MANAMA, Bahrain -- Six Persian Gulf nations pledged Tuesday to do more to combat terrorism, but criticized Western reports questioning Saudi support for anti-terror measures.
Interior ministers from Saudi Arabia, Bahrain, Qatar, Kuwait, Oman and the United Arab Emirates meeting in Bahrain agreed to swap information to eliminate the sources of funding for terrorism organizations.
Saudi official Prince Nayef said the ministers' condemned what he called Western media bias against Saudi Arabia over its response to the U.S. anti-terror campaign.
"The media generally reflects public opinion, but we don't see this as the true opinion of the American people or the others," Nayef said.
He said views expressed in the U.S. press were "different" from those relayed "officially" by the Bush administration.
Saudi Arabia, a key U.S. regional ally, has condemned the Sept. 11 attacks, but has not acknowledged whether any Saudis were involved, despite FBI assertions that at least 10 of the 19 suspected hijackers were Saudis.

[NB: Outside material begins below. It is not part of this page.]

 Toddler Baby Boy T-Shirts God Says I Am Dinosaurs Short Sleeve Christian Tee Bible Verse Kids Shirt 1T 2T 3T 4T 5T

Last week, Nayef criticized the U.S. strikes in Afghanistan aimed at that country's Taliban rulers and Osama bin Laden, prime suspect in the attacks. Saudi Arabia also has refused to open its bases to U.S. forces.
The airstrikes were launched Oct. 7 after the Taliban refused to deliver bin Laden to the United States.

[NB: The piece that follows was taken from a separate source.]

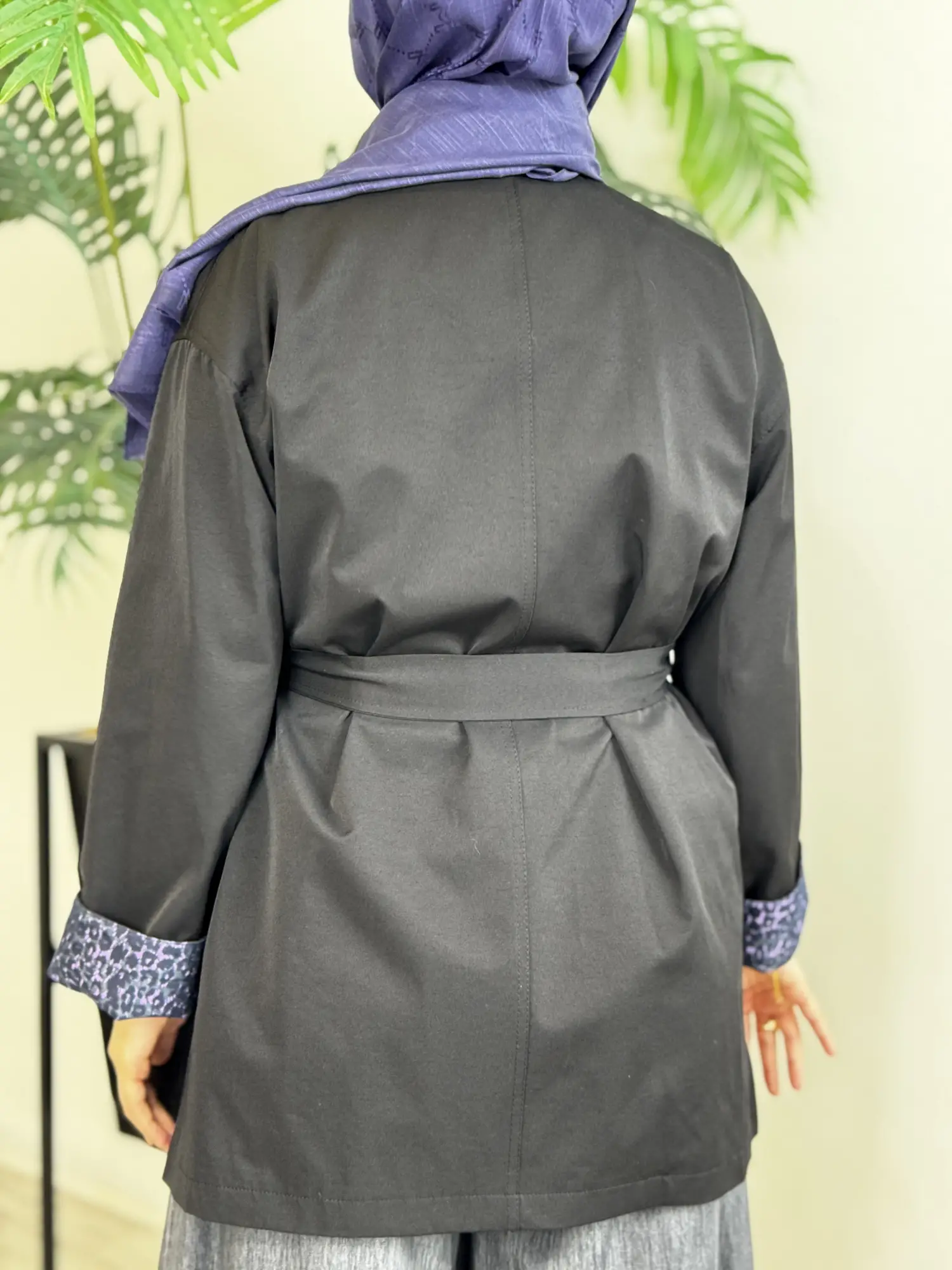 Ghisa Manşet Detaylı Siyah Ceket Trench G2699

U.S. officials have insisted that Saudi Arabia has been supportive, but privately complain of a lack of cooperation from a country the United States defended during the 1991 Persian Gulf War.

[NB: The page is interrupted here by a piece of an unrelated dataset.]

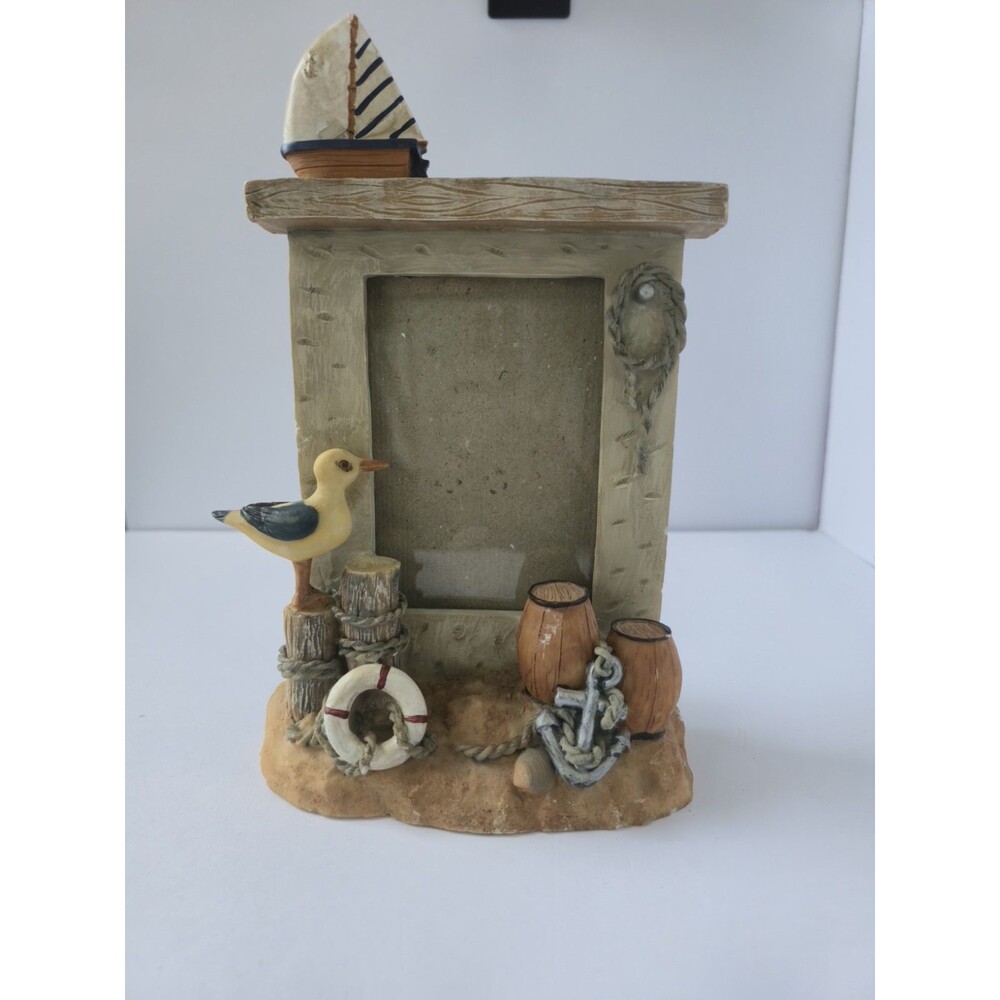 Vtg8"X6" Picture Frame Faux Stone Birt Beach Quality Art Gift Summer Ocean See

On Sunday, Sen. John McCain said on CNN's "Late Edition" that Saudi Arabia has "not, at least from a layman's point of view, been helpful."
Nayef said Monday that the U.S.-Saudi relationship "is at its best, and the United States has shown great understanding for the Saudi position."
While many ordinary Saudis fear the U.S. war on terror is a pretext for attacking Arabs and Muslims, the Saudi government has allied itself with Washington.